--- RECORDED DATA ---

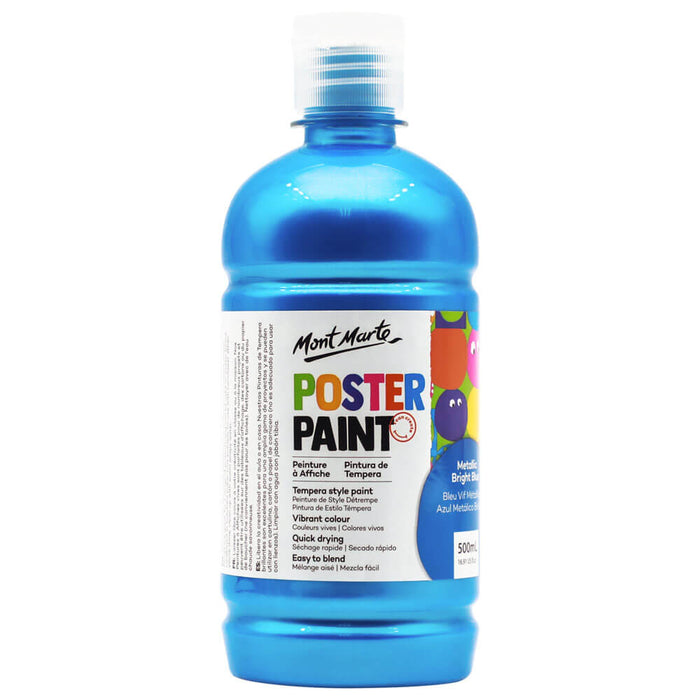 Poster Paint 500ml (16.91 US fl.oz) - Metallic Bright Blue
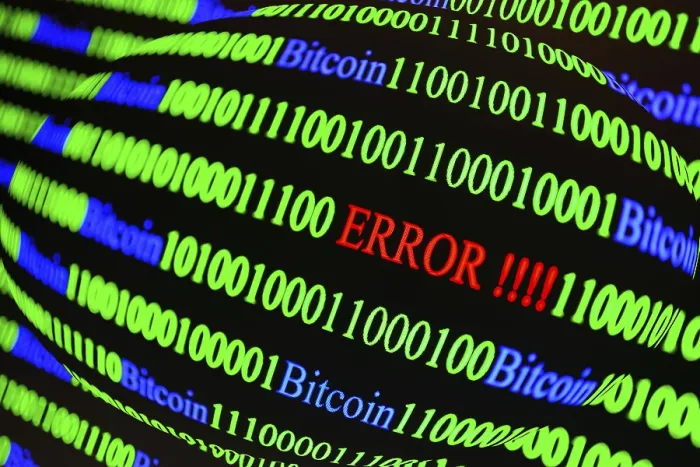 Impression encadrée : Code binaire avec lettrage d'erreur.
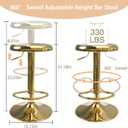Adjustable Bar Stools Set of 2, Backless Swivel Round Counter & Bar Height Chairs, Modern Gold Metal Frame Barstools for Kitchen Island, Dining Room, Home Bar, Gold, 13.8*13.8*31.1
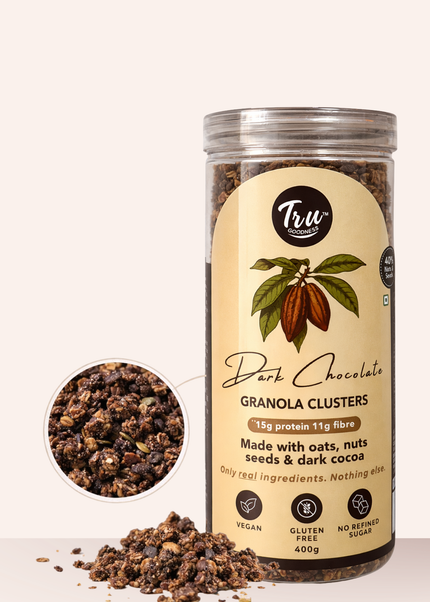 TruGoodness Dark Chocolate Granola Clusters | High Fibre, No Refined Sugar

---

Reproduce word for word the lines from the line holding "Adjustable Bar Stools" through the last line of the material above, inclusive, and keep pictures out of it.

Adjustable Bar Stools Set of 2, Backless Swivel Round Counter & Bar Height Chairs, Modern Gold Metal Frame Barstools for Kitchen Island, Dining Room, Home Bar, Gold, 13.8*13.8*31.1
 TruGoodness Dark Chocolate Granola Clusters | High Fibre, No Refined Sugar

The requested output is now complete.